"It’s hard to be a city at night, sleeping along this big river. So much wakes you from slumber ... "
"city night" by naraekim0801 is licensed under CC BY-NC-ND 2.0
By Larry Smith
It’s hard to be a city at night, sleeping along this big river. So much wakes you from slumber—mill whistles, sirens, dogs barking, people falling up and down stairs, babies crying to be fed or changed, couples in bedrooms or cars making loud love. When it comes down to it, I wake even when doors slam and when people shout too loud and long.
Oh, I still watch over you—mother and father to a tribe awake or asleep. And yes, I worry about floods and fires, heart attacks, and car accidents. I’m also there for all births and deaths. I count you all as precious, though I do accept nature’s course—Flow like a river, open like a sky./ Feed the heart, yet bow the head.
Sometimes in night’s quiet middle, I dream of fish flying about the room, trains climbing up my back and arms, skirts twirling, golden hair falling over milky breasts—Yes, I’m alive!
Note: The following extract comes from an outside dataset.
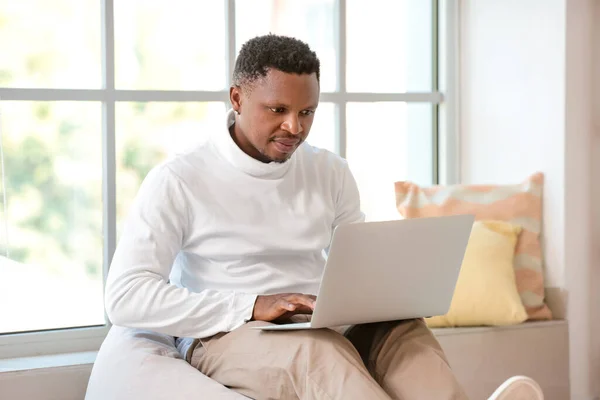 Hombre Afroamericano Trabajando Computadora Portátil Casa — Foto de Stock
And sometimes nightmare phantoms swirl in mill light, then creep along streets to peep into windows, carrying guns and knives.
In one dream, our mill rolls up like a newspaper then drifts away downriver. We all stand mute like at the end of a long movie. As it fades to darkness, I jerk myself awake, then lie there ‘till breathing softens and I reach over again to turn on the lights.
I rise to the rich smell of coffee being brewed in houses, the sounds of people showering, dressing for work, getting kids off to schools, maybe saying a few silent prayers for self and others. All of us meeting the day, all of us working through our dreams.
Larry Smith is a poet, fiction writer and biographer of Lawrence Ferlinghetti and Kenneth Patchen. His most recent work is Thoreau’s Lost Journal: Poems and Tu Fu Comes to America. He’s a professor emeritus of Bowling Green State University in Ohio and director of Bottom Dog Press. He and his wife live along the shores of Lake Erie in Ohio.